### TRY IT
Copy the listing below exactly. Pictures stay out of it.
BEGIN EXERCISE INPUT
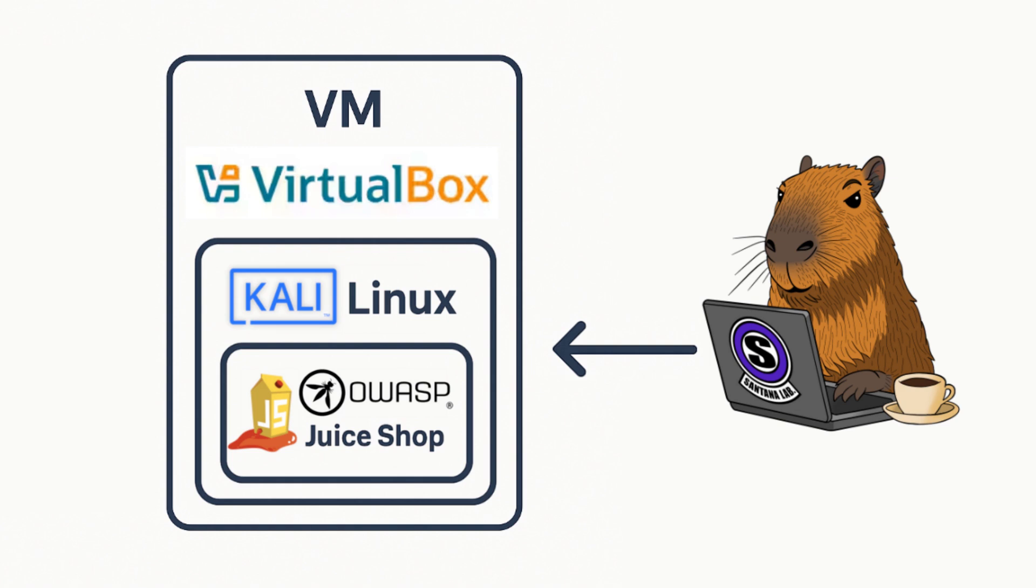You can technically use any Linux distro and any virtualization software but I will be using VirtualBox with Kali Linux, my go-to combo. Kali comes preloaded with tons of tools we need for hacking. It's basically the swiss army knife for ethical hackers.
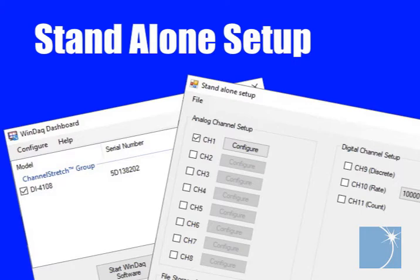Hello, Sean again, an application engineer here at Daytac Instruments. Today I'll walk you through the process of setting up your instrument for stand-alone data acquisition.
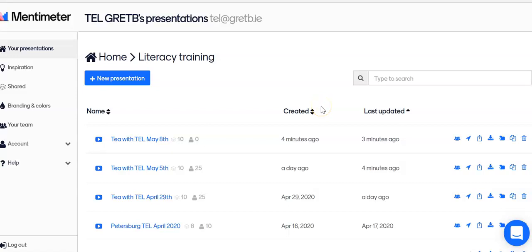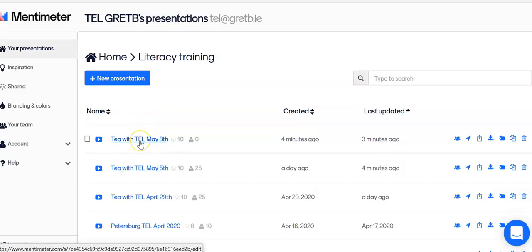Hello everyone and I'm going to show you how to conduct a Mentimeter quiz using Zoom. First of all you need to create your Mentimeter quiz. Here is one I created earlier, Tea with Tell.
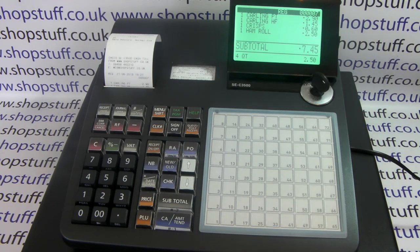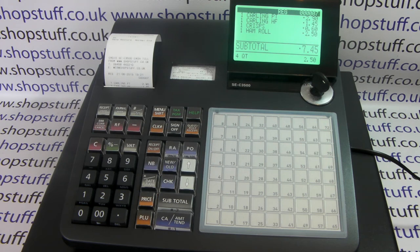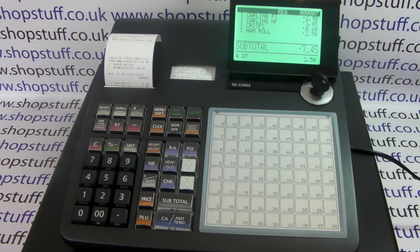So that's how to successfully download from the SD card to the SEC 450 or SEC 3500 cash register. For more information on these cash registers please visit shopstuff.co.uk or cashregisters-uk.co.uk. Thanks for watching.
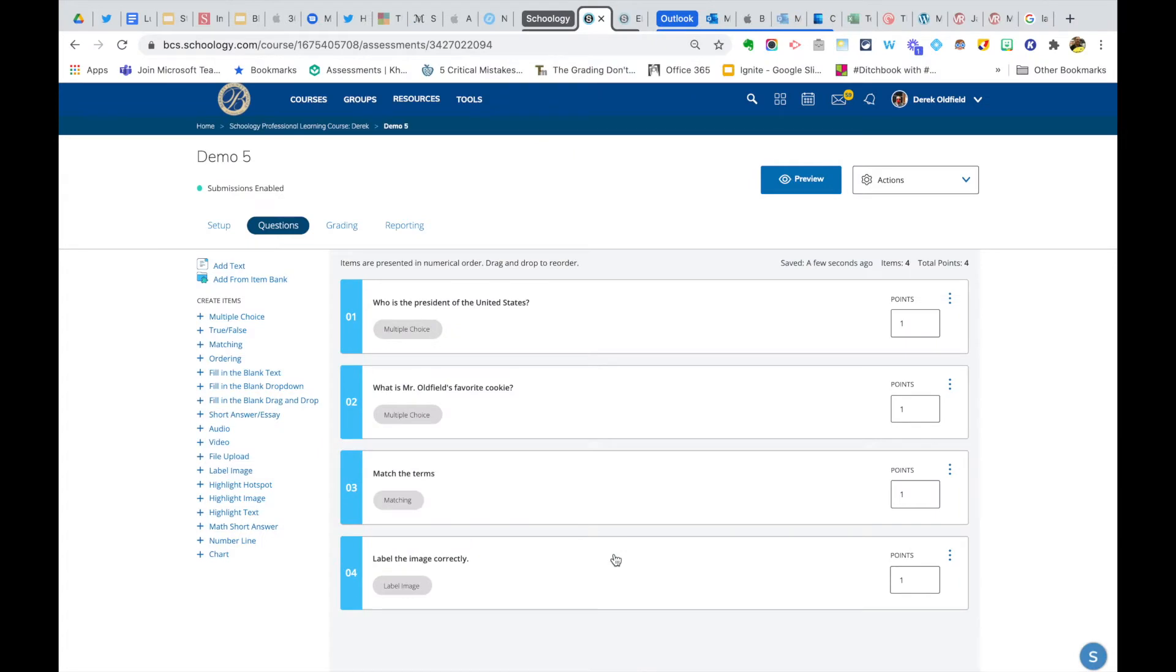Hello, I just want to offer you a little support on a couple question types in a Schoology assessment. So I get this question often.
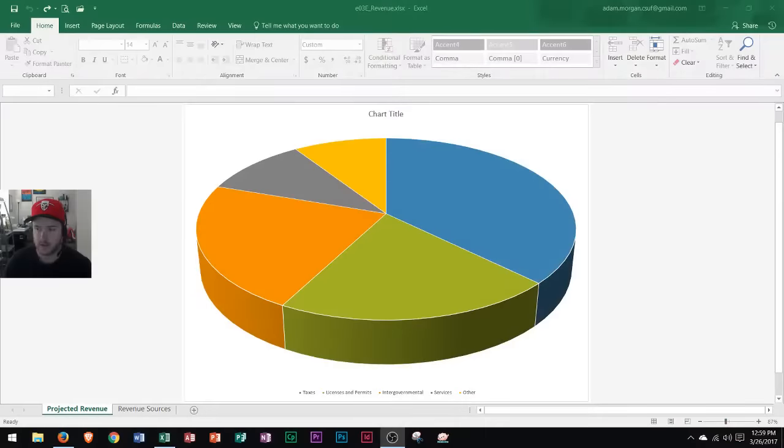Hi and welcome everyone, thank you for joining. Today I'm going to be talking about formatting a pie chart. If you need to know how to create a pie chart, go to my last video 'How to Create a Pie Chart in Microsoft Excel 2016.' So we've already got our pie chart created at this point and it looks like this.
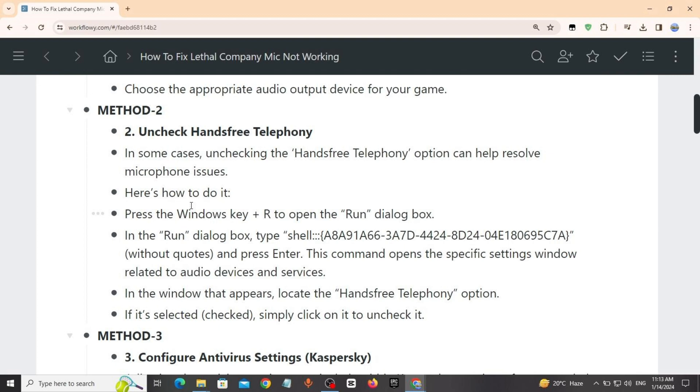Press Windows key plus R to open Run. Copy the commands from description and paste it. Press Enter. This command opens the specific setting window related to audio devices and services. In the window that appears, locate the hands-free telephony option. If it is selected, simply click on it and uncheck it.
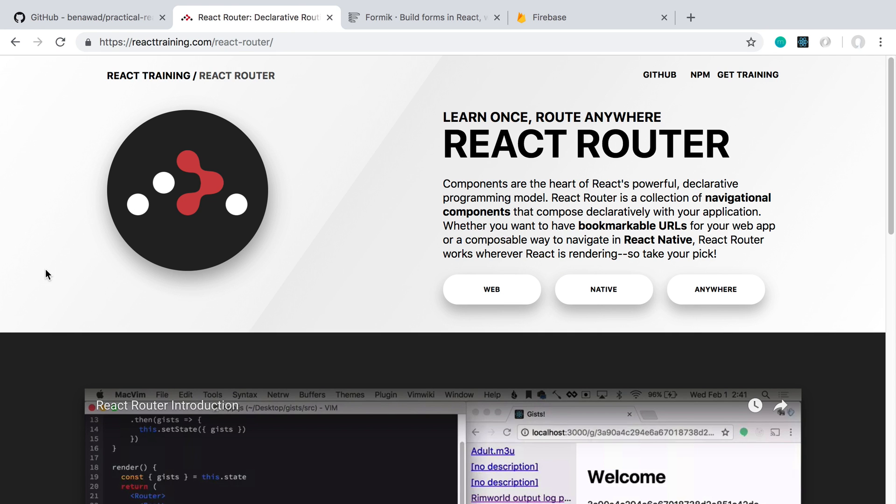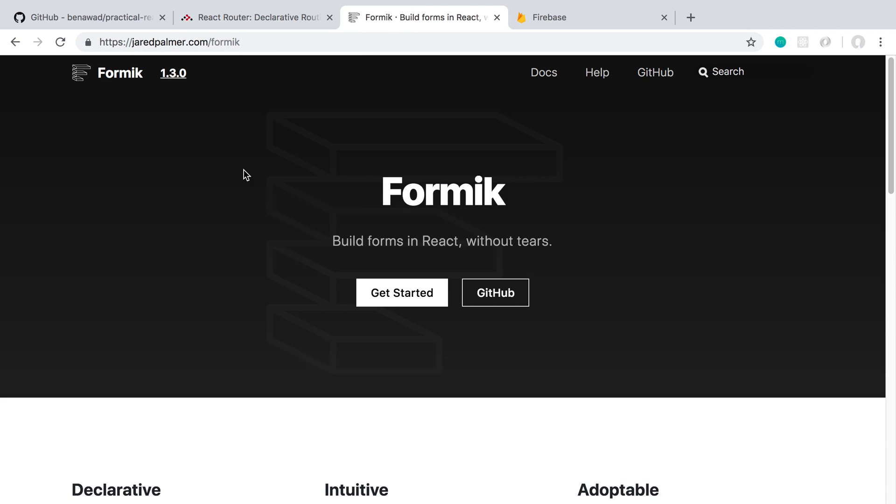So for example, some of the libraries I use on a daily basis that are really helpful. For example, something like React Router, where you can create pages in your application. Or go over some more advanced React features, like higher order components and pure components. Or render props, which you'd need to know to use something like Formic, which is a form library I really enjoy using.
END EXERCISE INPUT
### WRITTEN REPLY
You can technically use any Linux distro and any virtualization software but I will be using VirtualBox with Kali Linux, my go-to combo. Kali comes preloaded with tons of tools we need for hacking. It's basically the swiss army knife for ethical hackers.
Hello, Sean again, an application engineer here at Daytac Instruments. Today I'll walk you through the process of setting up your instrument for stand-alone data acquisition.
Hello everyone and I'm going to show you how to conduct a Mentimeter quiz using Zoom. First of all you need to create your Mentimeter quiz. Here is one I created earlier, Tea with Tell.
So that's how to successfully download from the SD card to the SEC 450 or SEC 3500 cash register. For more information on these cash registers please visit shopstuff.co.uk or cashregisters-uk.co.uk. Thanks for watching.
Hello, I just want to offer you a little support on a couple question types in a Schoology assessment. So I get this question often.
Hi and welcome everyone, thank you for joining. Today I'm going to be talking about formatting a pie chart. If you need to know how to create a pie chart, go to my last video 'How to Create a Pie Chart in Microsoft Excel 2016.' So we've already got our pie chart created at this point and it looks like this.
Press Windows key plus R to open Run. Copy the commands from description and paste it. Press Enter. This command opens the specific setting window related to audio devices and services. In the window that appears, locate the hands-free telephony option. If it is selected, simply click on it and uncheck it.
So for example, some of the libraries I use on a daily basis that are really helpful. For example, something like React Router, where you can create pages in your application. Or go over some more advanced React features, like higher order components and pure components. Or render props, which you'd need to know to use something like Formic, which is a form library I really enjoy using.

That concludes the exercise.